> _Task_:
Scan the records below for the line with "클리블랜드 선수단. ⓒ연합뉴스 UPI" and the line with "Bęben hamulcowy BOSCH", and retype that range exactly, both ends included, pictures excepted.

> _Data extract_:
###

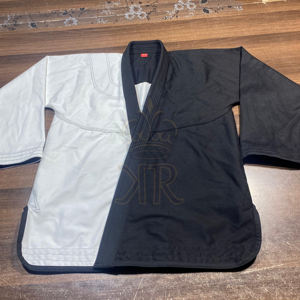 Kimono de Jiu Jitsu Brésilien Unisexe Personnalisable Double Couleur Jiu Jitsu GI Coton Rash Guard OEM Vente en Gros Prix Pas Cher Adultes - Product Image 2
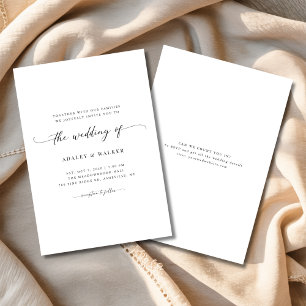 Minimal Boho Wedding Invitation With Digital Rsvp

###

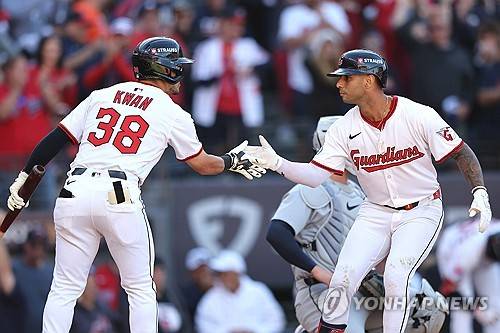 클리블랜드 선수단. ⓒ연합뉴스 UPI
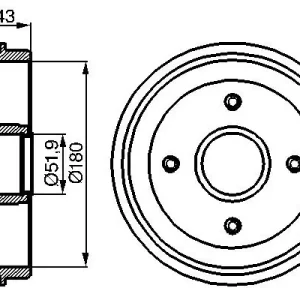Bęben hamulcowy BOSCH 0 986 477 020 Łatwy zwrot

###

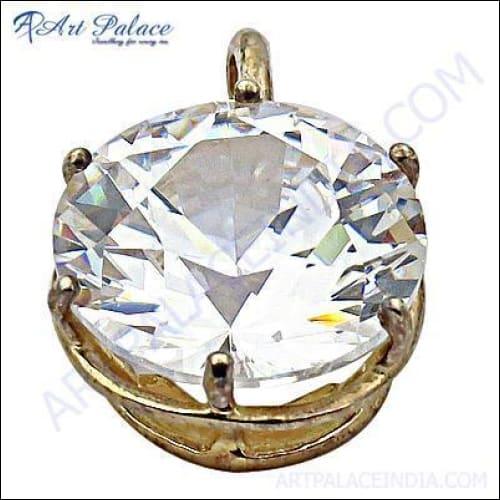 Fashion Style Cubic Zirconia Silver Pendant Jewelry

###

> _Solution_:
 클리블랜드 선수단. ⓒ연합뉴스 UPI
Bęben hamulcowy BOSCH 0 986 477 020 Łatwy zwrot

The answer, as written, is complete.